* _What the task requires_
All lines from the one with "this 845×633 image." through the final line of the records below must be written out exactly, with no other text.
::: Supplied material :::
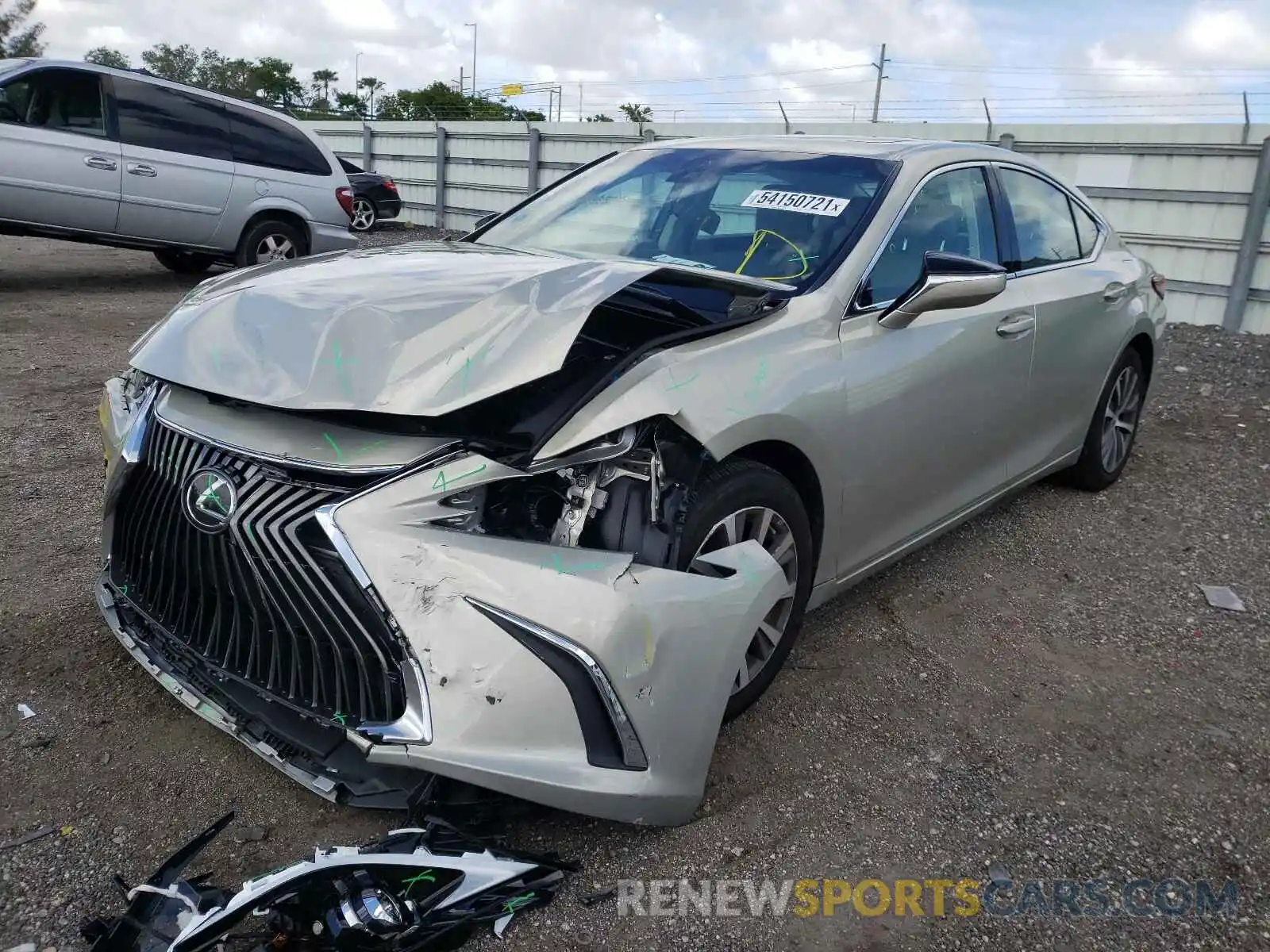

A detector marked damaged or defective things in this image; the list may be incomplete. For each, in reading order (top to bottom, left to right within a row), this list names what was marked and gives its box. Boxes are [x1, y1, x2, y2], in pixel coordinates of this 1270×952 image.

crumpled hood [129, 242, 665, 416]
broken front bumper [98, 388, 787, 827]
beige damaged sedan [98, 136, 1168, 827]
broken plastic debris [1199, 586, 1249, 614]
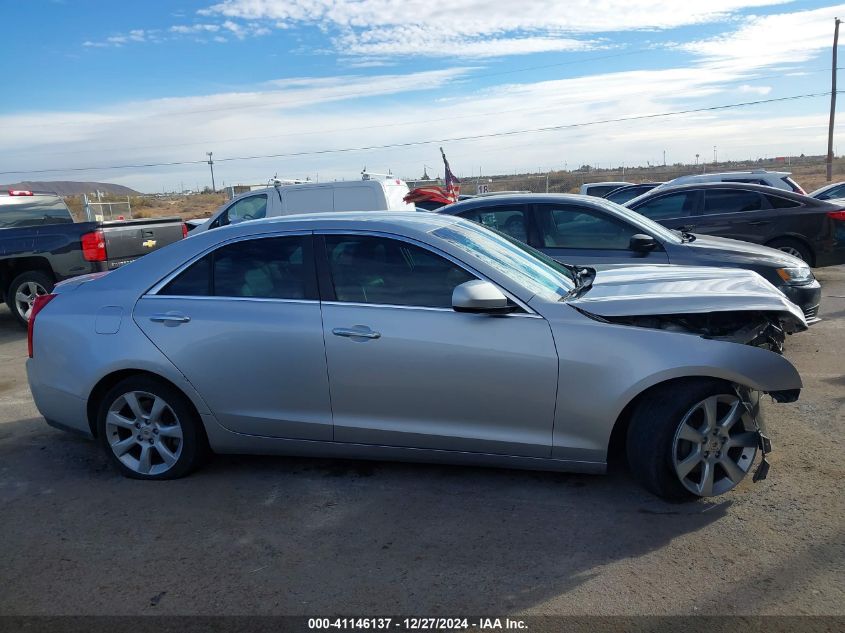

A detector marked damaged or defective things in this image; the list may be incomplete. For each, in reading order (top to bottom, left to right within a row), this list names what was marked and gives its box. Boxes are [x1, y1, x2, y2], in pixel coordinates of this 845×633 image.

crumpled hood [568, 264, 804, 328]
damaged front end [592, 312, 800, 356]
:::
* _Result below_
A detector marked damaged or defective things in this image; the list may be incomplete. For each, in reading order (top to bottom, left to right within a row), this list names what was marked and gives its box. Boxes are [x1, y1, x2, y2], in pixel coordinates of this 845×633 image.

crumpled hood [568, 264, 804, 328]
damaged front end [592, 312, 800, 356]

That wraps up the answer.